• EXERCISE BRIEF
A verbatim repeat of the lines below is required, with the pictures removed.

• INFORMATION SHOWN
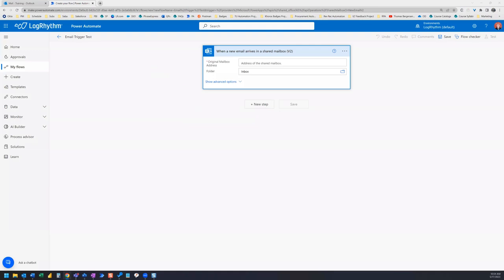Hi everyone. One of the most common Power Automate triggers is the when a new email arrives trigger. A common practice when configuring this trigger is to set the folder to inbox and then at the end of the flow have an action that files the email away.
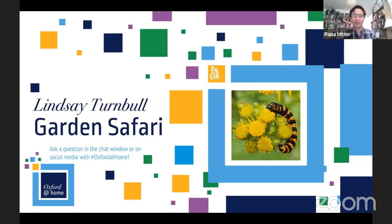Hello and welcome to Oxford at Home. This is the first of what is going to be a series of fascinating talks from academics all around the University of Oxford during this curious period of lockdown. My name is Rana Mitter — I'm a historian of modern China, but my role during this talk will be to host these events and today I'm introducing my colleague Dr Lindsay Turnbull, who is an ecologist with a particular focus on plants.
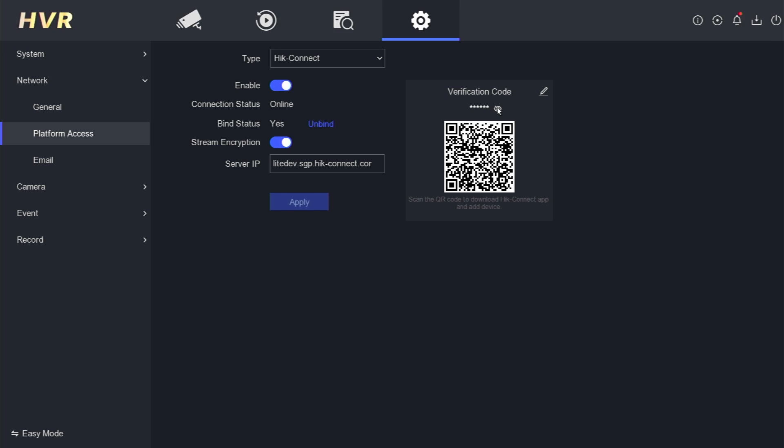Simply click the eye icon to reveal it. You can use this verification code to input it into the HikConnect application.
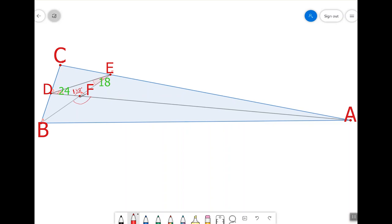Note that angle F is a vertical angle to angle BFA. This means that they are congruent, so angle BFA must also measure 138 degrees. And now we discover a really important fact, one that will ultimately let us find the measure of angle C.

• SOLUTION TO THIS TASK
Hi everyone. One of the most common Power Automate triggers is the when a new email arrives trigger. A common practice when configuring this trigger is to set the folder to inbox and then at the end of the flow have an action that files the email away.
Hello and welcome to Oxford at Home. This is the first of what is going to be a series of fascinating talks from academics all around the University of Oxford during this curious period of lockdown. My name is Rana Mitter — I'm a historian of modern China, but my role during this talk will be to host these events and today I'm introducing my colleague Dr Lindsay Turnbull, who is an ecologist with a particular focus on plants.
Simply click the eye icon to reveal it. You can use this verification code to input it into the HikConnect application.
Note that angle F is a vertical angle to angle BFA. This means that they are congruent, so angle BFA must also measure 138 degrees. And now we discover a really important fact, one that will ultimately let us find the measure of angle C.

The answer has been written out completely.